The development of optoelectronic methods for contactless monitoring of combustion and explosion processes [1–3], based on modern television measuring systems of nanosecond resolution [4–6], allows to ensure the stability of technological modes and reproducibility of predetermined properties of materials in the process of obtaining them [7–9]. The high accuracy of micropyrometry of fast moving particles [10; 11; 14], based on image recording in the charge accumulation mode, opens up the possibility of using new methods of panoramic and hyperspectral analysis in the study of explosion welding [12], heat and mass transfer in plasma [8; 13; 14] and detonation spraying [7]. The difference between the technology of self-propagating high-temperature synthesis (SHS) is that it belongs to the methods of out-of-furnace powder metallurgy and the combustion wave propagates along the charge of an exothermically reacting powder mixture [16].
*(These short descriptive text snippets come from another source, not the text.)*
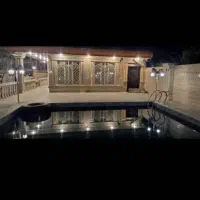 باغ ویلا ساوه روزانه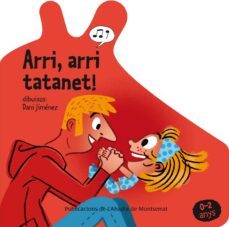 arri arri tatanet-dani jimenez-9788498834062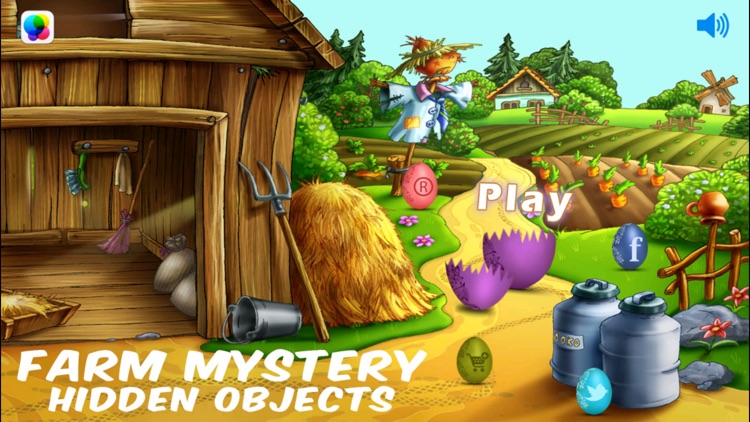 Farm Mystry Hidden Object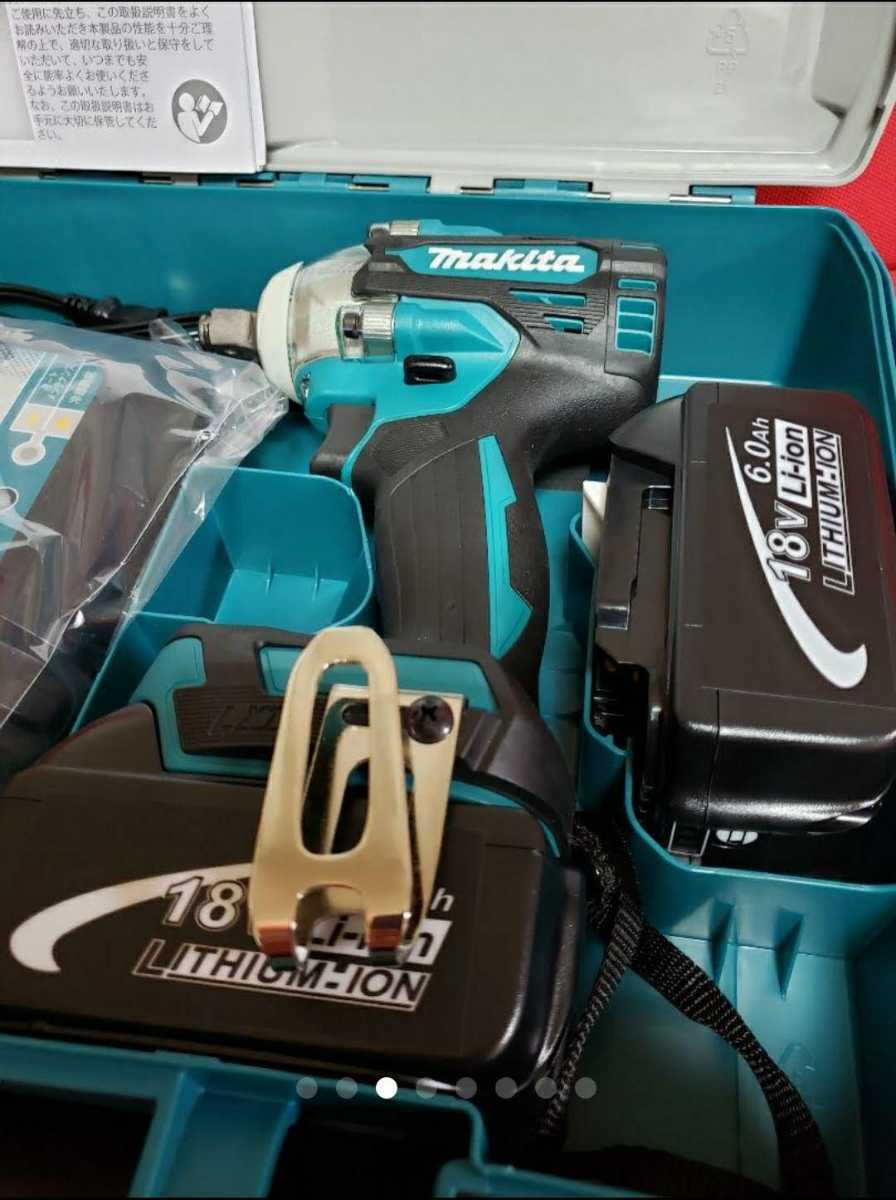 特別限定価格!!☆最新モデル☆ マキタインパクトレンチ TW300DRGX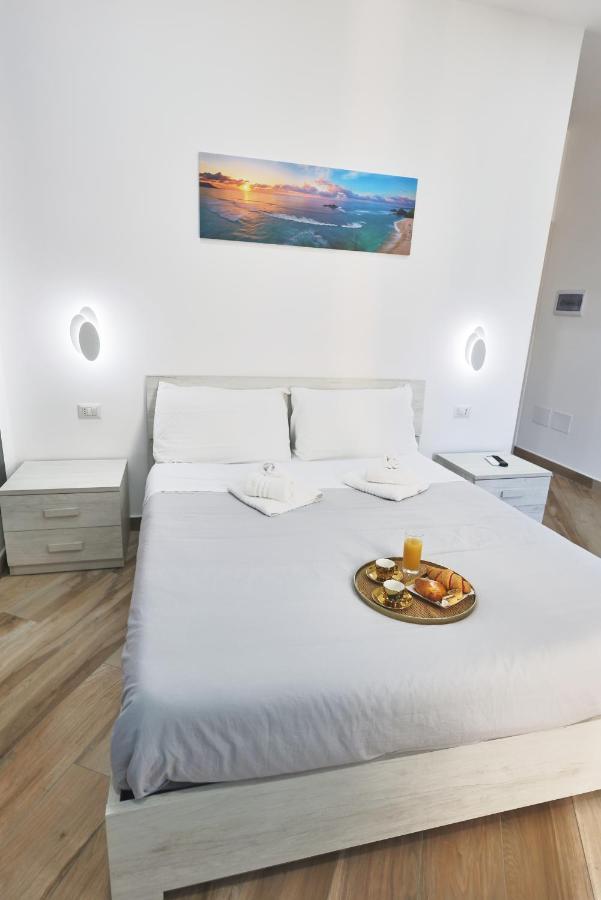 B&B Mare E Poesia Salerno Zewnętrze zdjęcie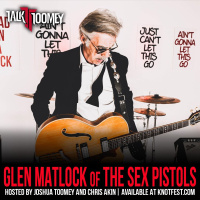 Glen Matlock (The Sex Pistols)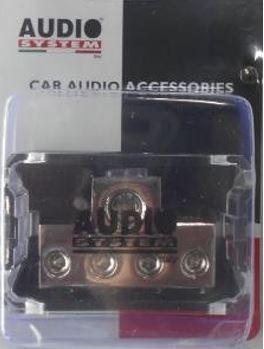 Audio System 50mm² Masseverteiler - Basshead Store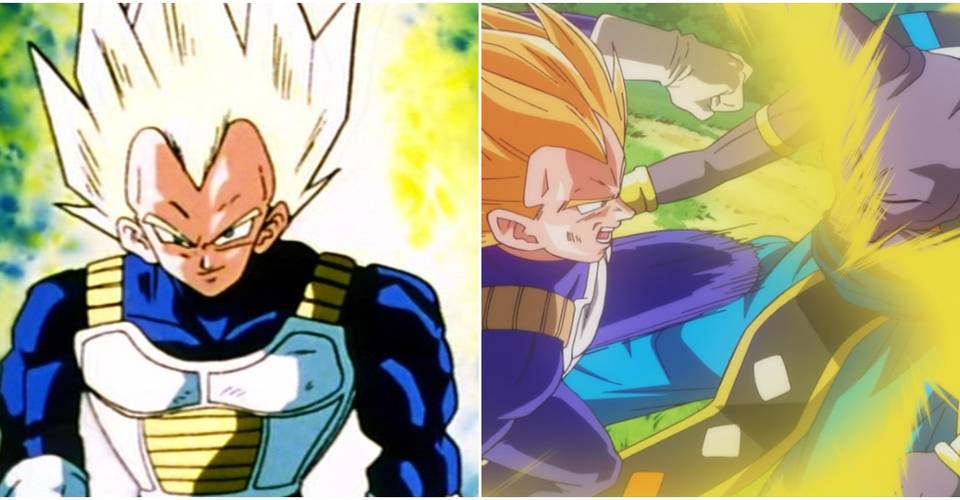 Dragon Ball 10 Times Vegeta Earned Gokus Respect Dragon Ball 10 Times Vegeta Earned Gokus Respect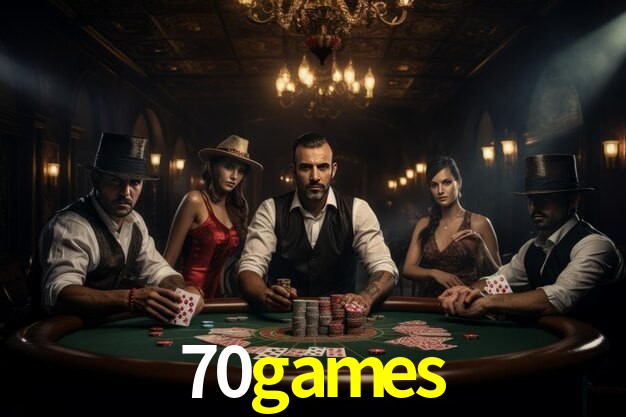 Inovações de Jogos na 70games: O Futuro das Experiências Interativas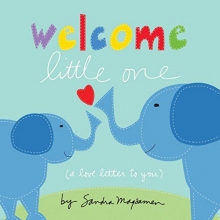 Cover art for Welcome Little One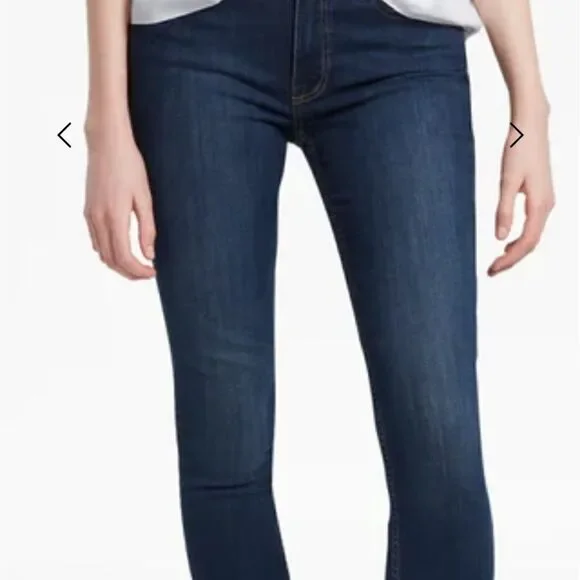 NWT $128 French Connection Reset Skinny Jeans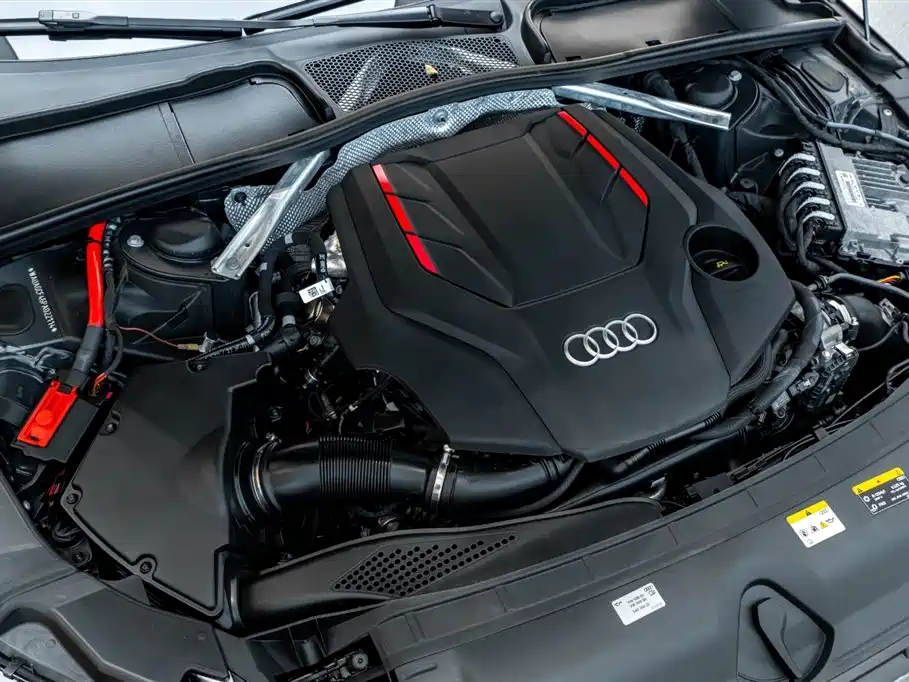 Audi S4 2023 S4 3.0TFSI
The aim of the study, based on the known models of particle packing under conditions of natural bulk gravimetric density [17; 18], is to generate the fractal structure of the mixture of initial powders for which visualization of heat transfer in the combustion wave for the 2-dimensional model taking into account local porosity and radiation heat transfer.

Description of the problem

The foundations of computer simulation of combustion modes were laid in [16; 18], where the model consists of the heat equation and the kinetics equation:

$$\begin{gathered} c{\rho }_0=\frac{\partial T}{\partial t}=\left(\frac{{\partial }^{2}T}{\partial r^2}+\frac{1}{2}\frac{\partial T}{\partial r}+\frac{1}{r^2}\frac{{\partial }^{2}T}{\partial {\phi }^2}+\frac{{\partial }^{2}T}{\partial h^2}\right)+{\rho }_{0}Q\frac{\partial \eta }{\partial t}, \\ \frac{\partial \eta }{\partial t}=\left\{\begin{array}{r}{k}_0(1-\eta )exp(-\frac{E}{RT}) \eta <1,\\ 0 \eta \ge 1\end{array}\right\}, \end{gathered}$$ (1)

with the generally accepted designation of physical quantities, except for cylindrical coordinates: r is the radius, φ is the polar angle, h is the layer height.

The 2-dimensional model described here uses temperature for several layers of porous powder packaging:

$$\begin{gathered} \frac{\partial T}{\partial t}=k\left(\frac{{\partial }^{2}T}{\partial x^2}+\frac{{\partial }^{2}T}{\partial y^2}\right)+f; \\ \frac{\partial A}{\partial t}=L\left(\frac{{\partial }^{2}A}{\partial x^2}+\frac{{\partial }^{2}A}{\partial y^2}\right); \\ \frac{\partial B}{\partial t}=M\left(\frac{{\partial }^{2}B}{\partial x^2}+\frac{{\partial }^{2}B}{\partial y^2}\right); \\ L=\left\{\begin{array}{l}0:T(x,y,t)<0.2\\ 0.01\times T(x,y,t):T(x,y,t)\ge 0.2\end{array}\right. \\ M=\left\{\begin{array}{l}0:T(x,y,t)<0.2\\ 0.01\times T(x,y,t):T(x,y,t)\ge 0.2\end{array}\right. \\ k=0.01 \end{gathered}$$ (2)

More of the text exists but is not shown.